• [Available data]:
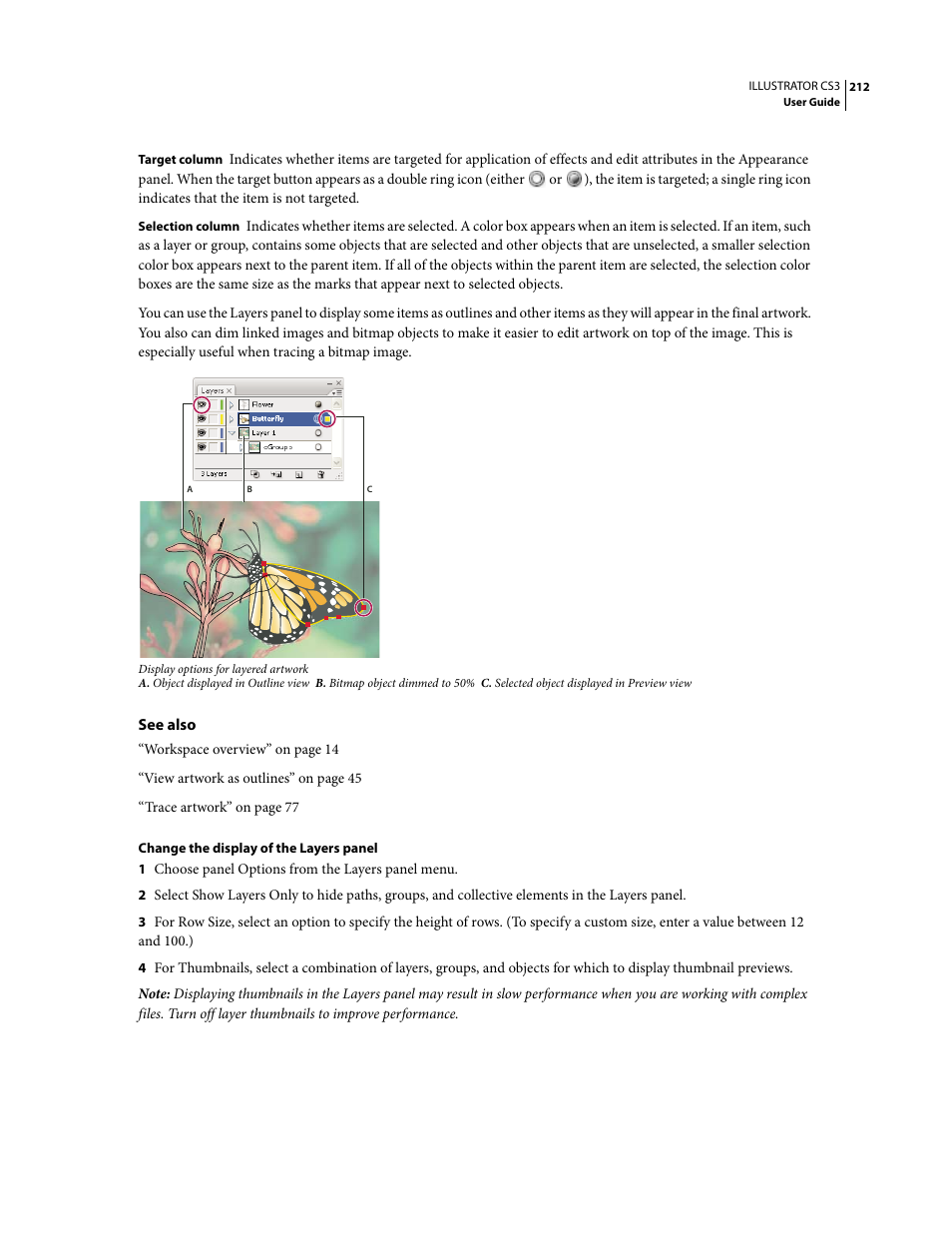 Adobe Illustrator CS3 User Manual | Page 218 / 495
==
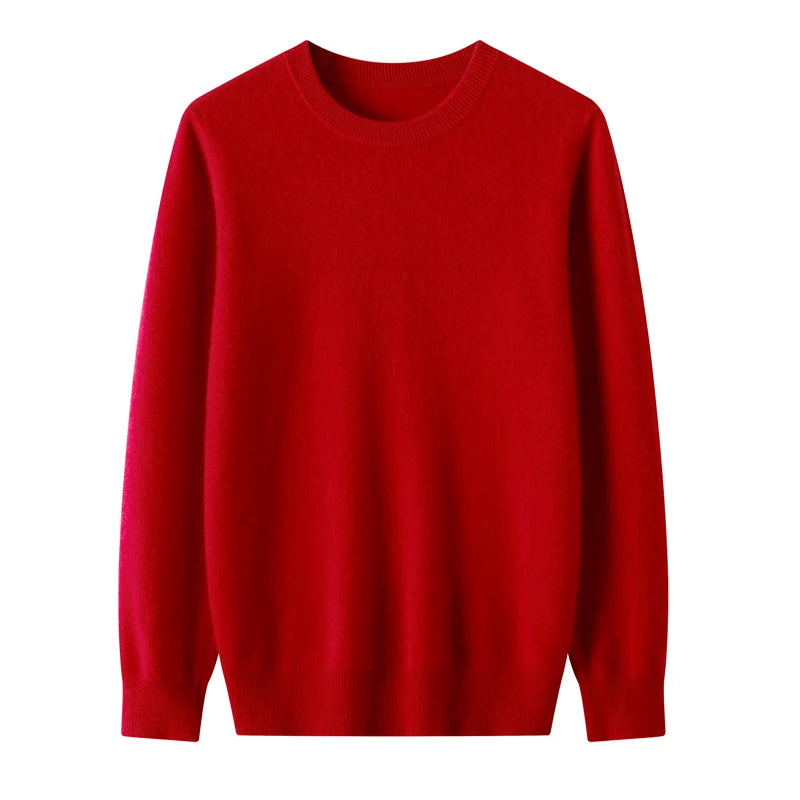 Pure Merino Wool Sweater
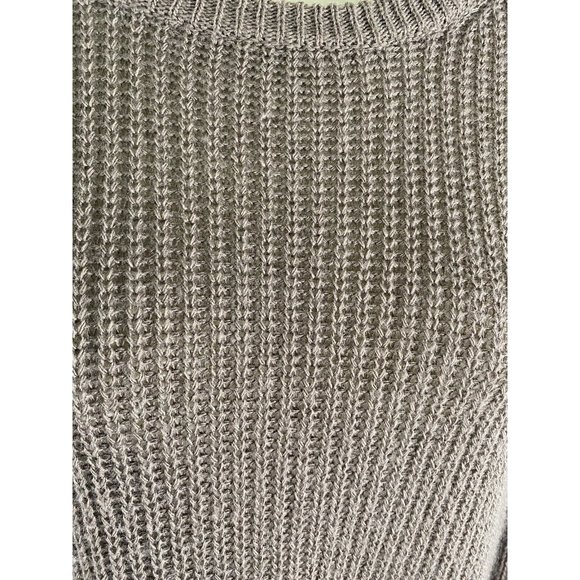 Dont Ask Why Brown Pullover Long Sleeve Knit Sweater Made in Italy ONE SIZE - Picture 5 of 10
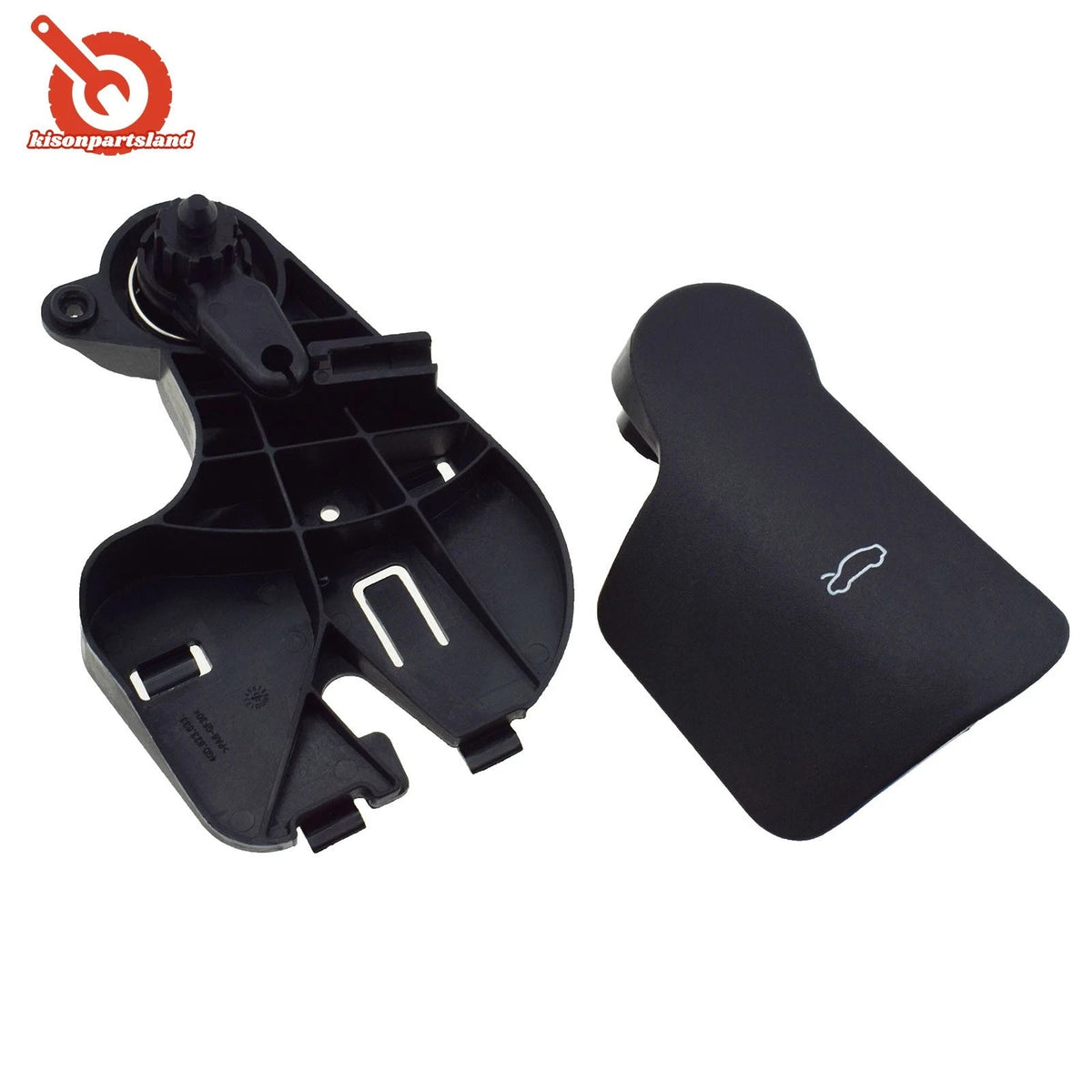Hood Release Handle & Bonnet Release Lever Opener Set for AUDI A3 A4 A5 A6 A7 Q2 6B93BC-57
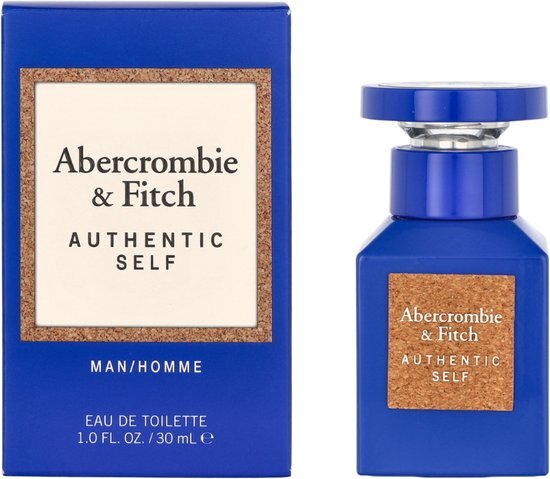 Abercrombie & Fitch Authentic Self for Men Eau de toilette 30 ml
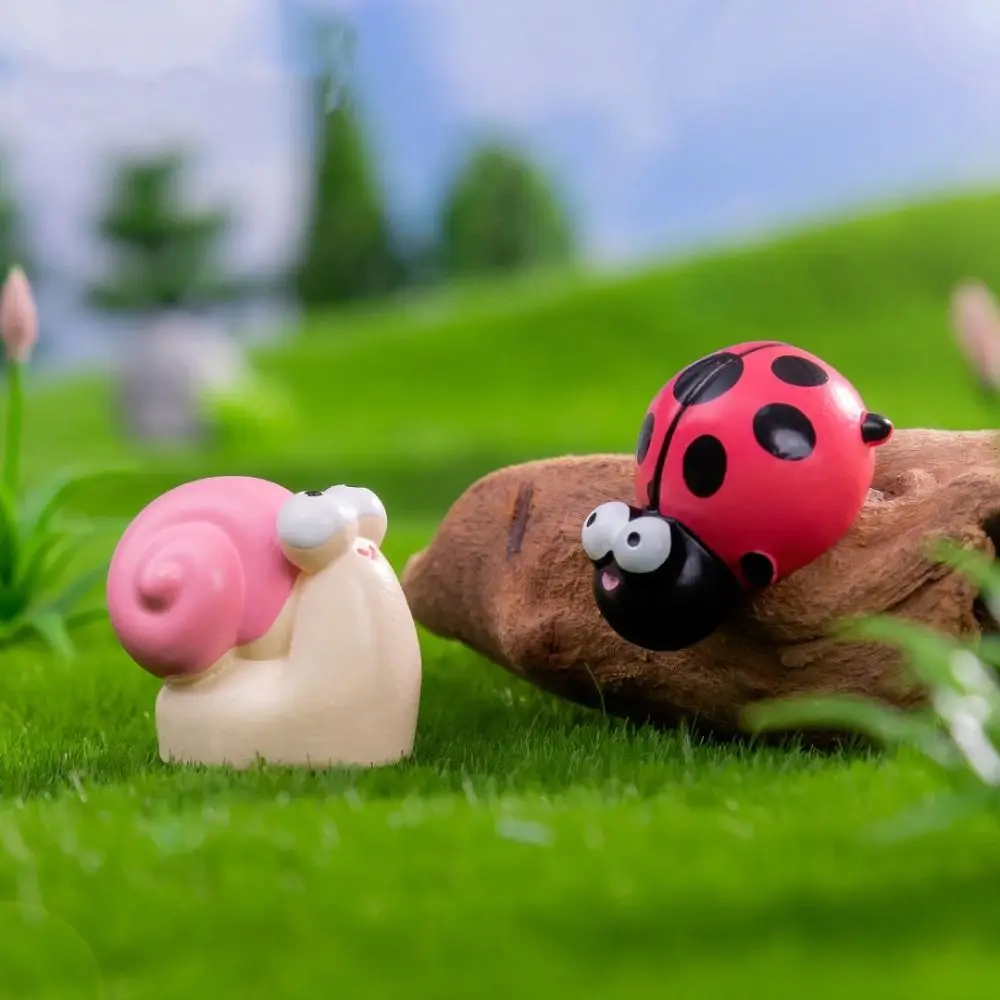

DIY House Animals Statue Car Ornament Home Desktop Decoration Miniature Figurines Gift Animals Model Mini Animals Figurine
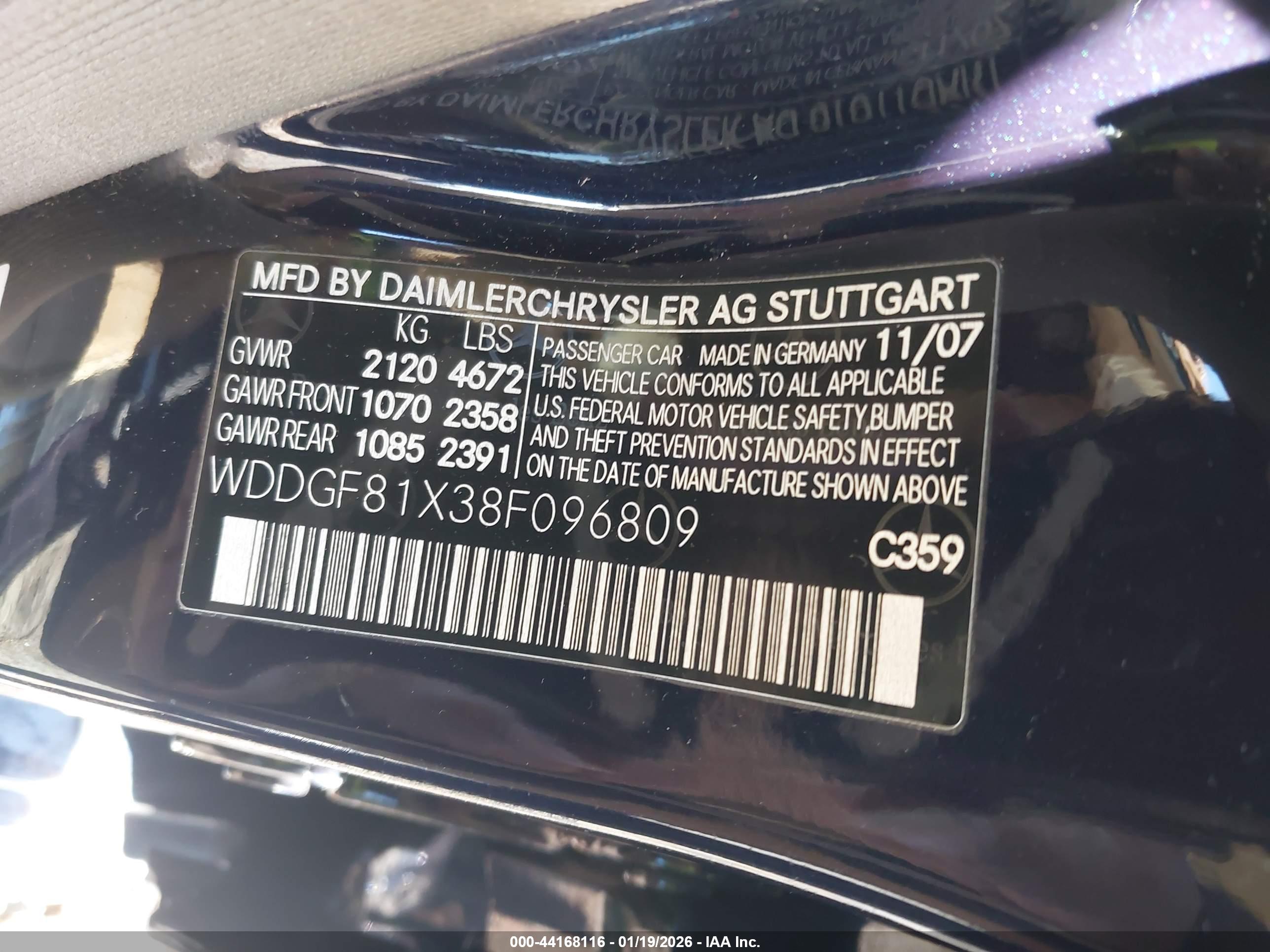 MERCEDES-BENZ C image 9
* * *
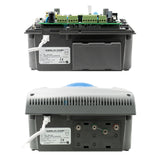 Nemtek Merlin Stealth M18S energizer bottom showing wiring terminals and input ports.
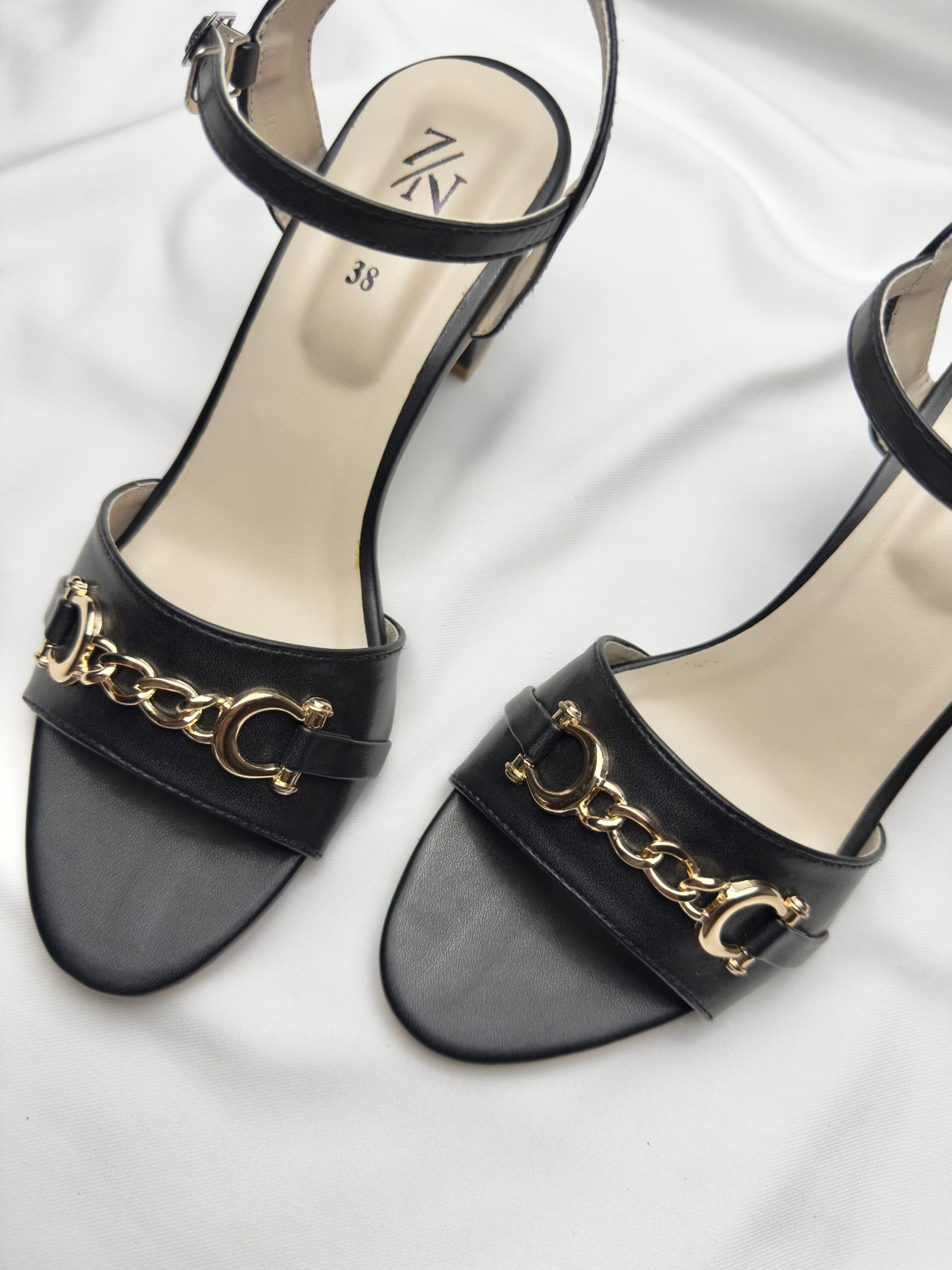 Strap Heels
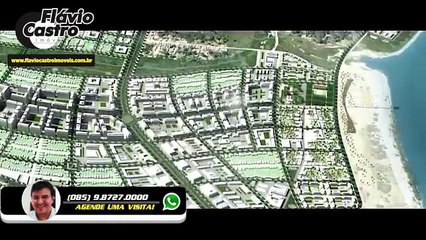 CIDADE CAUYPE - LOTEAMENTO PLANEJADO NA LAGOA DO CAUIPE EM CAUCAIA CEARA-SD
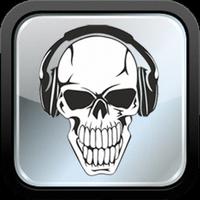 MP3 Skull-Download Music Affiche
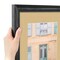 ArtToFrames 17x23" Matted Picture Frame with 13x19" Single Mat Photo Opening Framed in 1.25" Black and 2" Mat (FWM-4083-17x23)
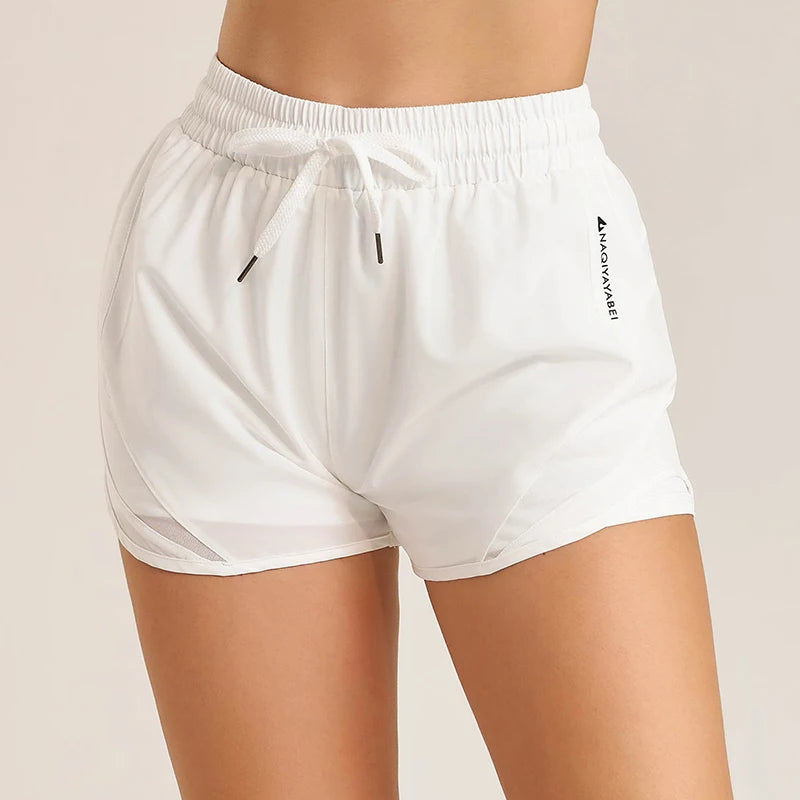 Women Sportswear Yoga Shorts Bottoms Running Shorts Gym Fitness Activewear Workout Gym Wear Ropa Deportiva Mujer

• [What the task requires]:
Every line from the one with "MP3 Skull-Download Music Affiche" through the one with "Women Sportswear Yoga" is to be reproduced exactly as written above, and the pictures are to be dropped.

• [Reply]:
 MP3 Skull-Download Music Affiche
 ArtToFrames 17x23" Matted Picture Frame with 13x19" Single Mat Photo Opening Framed in 1.25" Black and 2" Mat (FWM-4083-17x23)
 Women Sportswear Yoga Shorts Bottoms Running Shorts Gym Fitness Activewear Workout Gym Wear Ropa Deportiva Mujer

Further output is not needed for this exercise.